_Your objective_
Every line of the listing must be reproduced as it stands. Leave the images behind.

--- Source data Enclosed Below ---

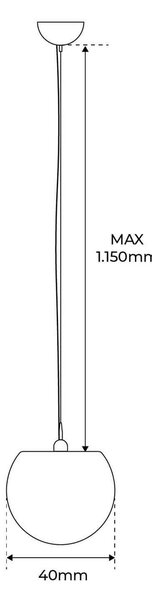 Sfera Illuminabile Sospesa IP44 da 40cm con base E27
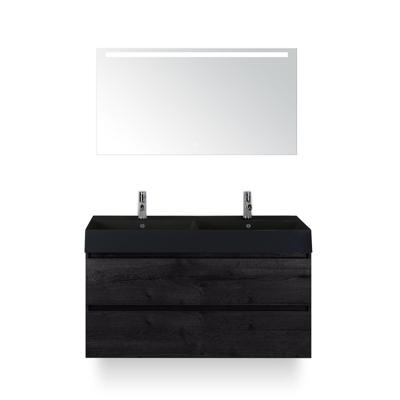 Maxx XL Badmeubelset 120 cm - Black Oak - Wastafel Kube Dubbel Zw 2 kraangaten - met LED Spiegel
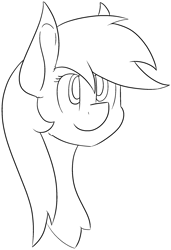 Size: 1457x2125 | Tagged: safe, artist:skylarpalette, character:rainbow dash, species:pegasus, species:pony, closed mouth, female, fluffy, lineart, looking up, mare, monochrome, simple background, sketch, smiling, transparent background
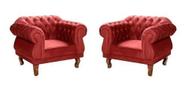 Kit 2 Poltronas Chesterfield Elisabeth Capitonê SALA/RECEPÇÃO/BARBEARIA Suede Vermelho Bordo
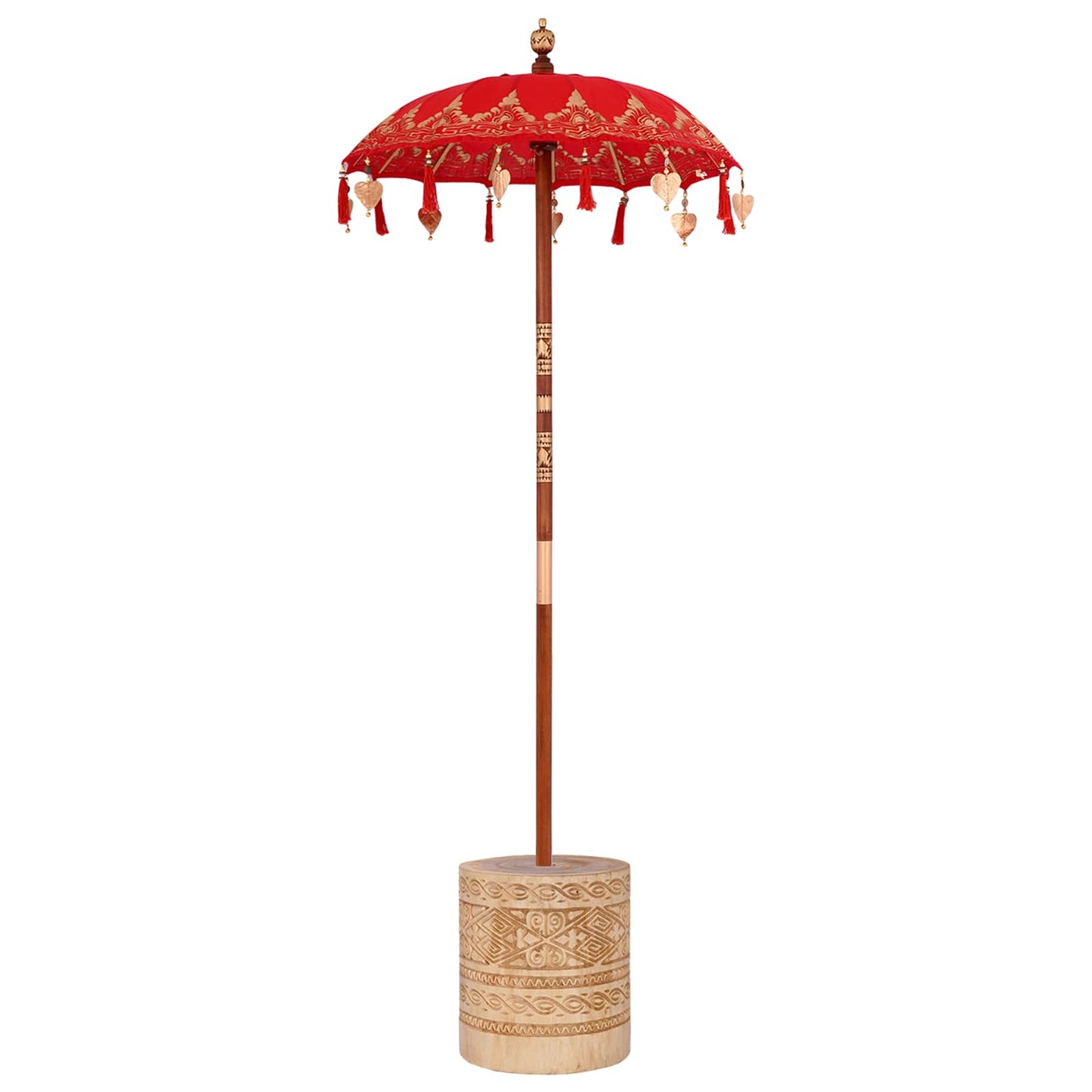 Balinesisk parasoll med base Rød 95 x 95 x 260 cm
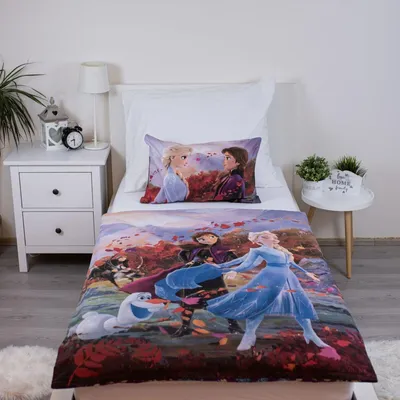 Obrázek produktu pro Jerry Fabrics Bavlněné povlečení 100x135 Frozen 2 Doba ledová 8148 Anna Elsa Olaf ve větru pro dětskou postýlku povlak na polštář 40x60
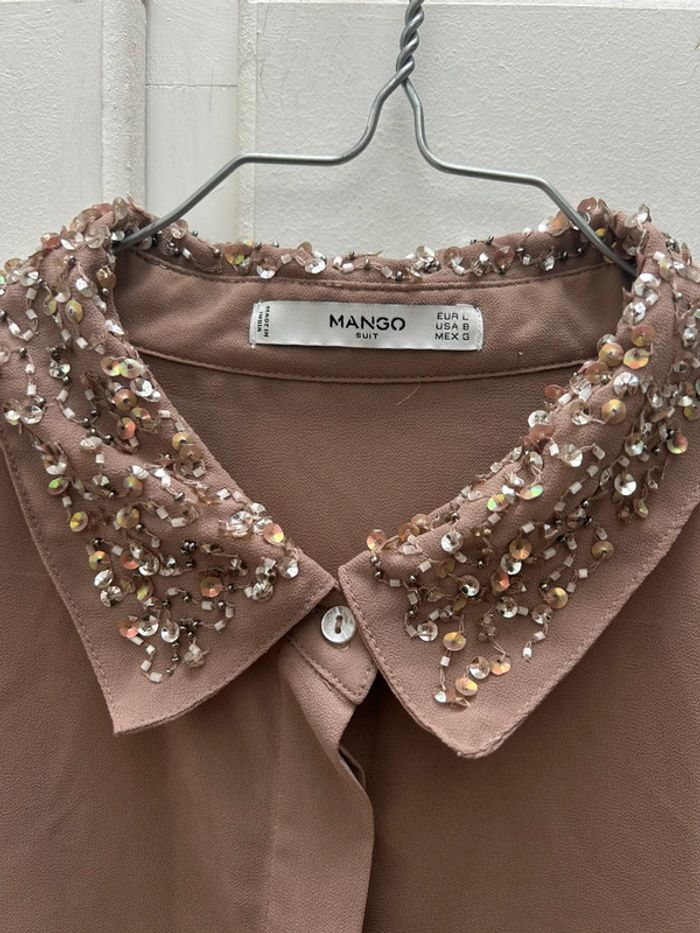 Chemisier mango col à paillettes - taille L - photo numéro 2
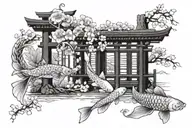 Mouri kamon, torii gate, koi fish, blossom tattoo design idea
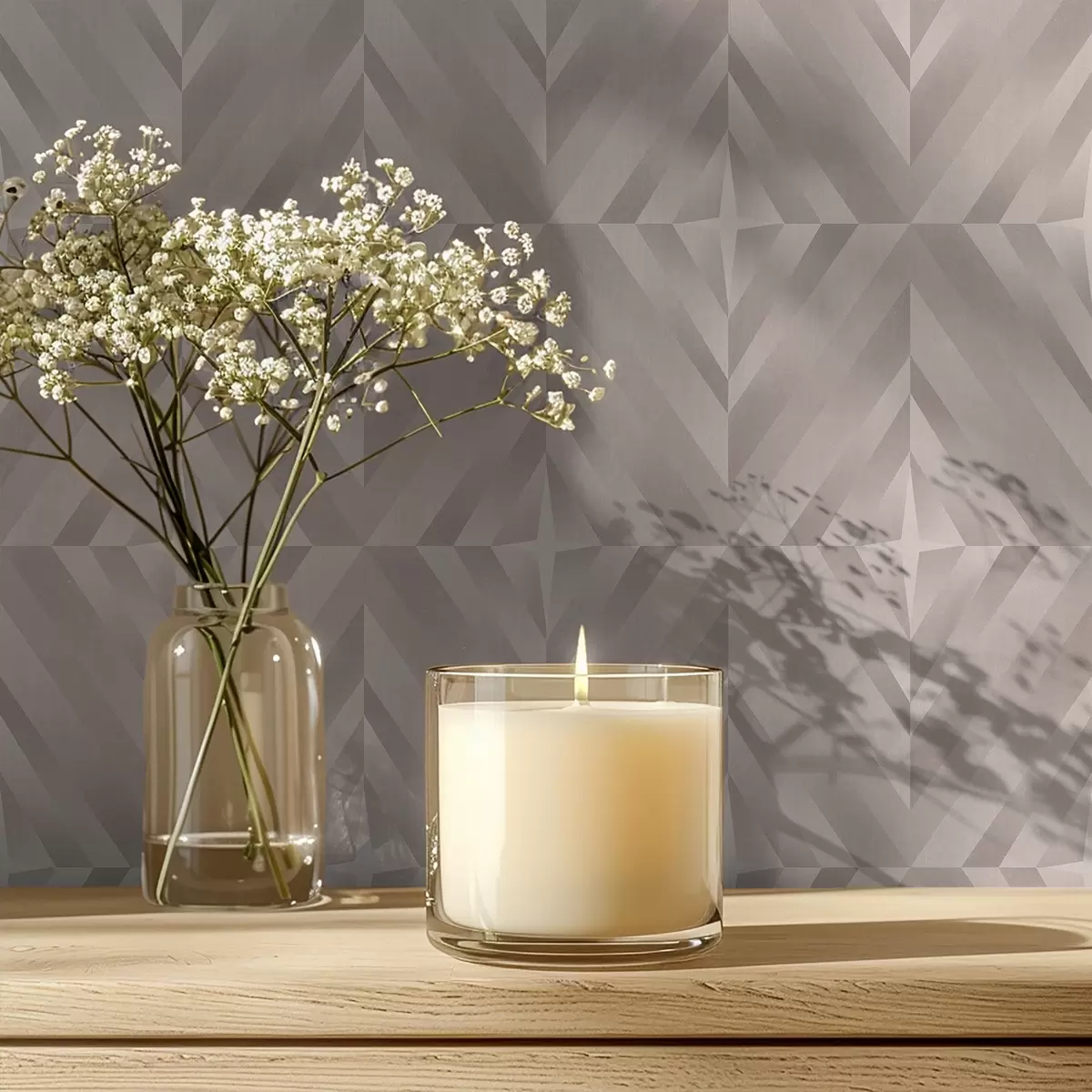 Wallpaper Geometric squares with arrows in warm beige tones a00982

--- End of Enclosed Source data ---

_Answer section_
 Sfera Illuminabile Sospesa IP44 da 40cm con base E27
 Maxx XL Badmeubelset 120 cm - Black Oak - Wastafel Kube Dubbel Zw 2 kraangaten - met LED Spiegel
 Size: 1457x2125 | Tagged: safe, artist:skylarpalette, character:rainbow dash, species:pegasus, species:pony, closed mouth, female, fluffy, lineart, looking up, mare, monochrome, simple background, sketch, smiling, transparent background
 Kit 2 Poltronas Chesterfield Elisabeth Capitonê SALA/RECEPÇÃO/BARBEARIA Suede Vermelho Bordo
 Balinesisk parasoll med base Rød 95 x 95 x 260 cm
 Obrázek produktu pro Jerry Fabrics Bavlněné povlečení 100x135 Frozen 2 Doba ledová 8148 Anna Elsa Olaf ve větru pro dětskou postýlku povlak na polštář 40x60
 Chemisier mango col à paillettes - taille L - photo numéro 2
 Mouri kamon, torii gate, koi fish, blossom tattoo design idea
 Wallpaper Geometric squares with arrows in warm beige tones a00982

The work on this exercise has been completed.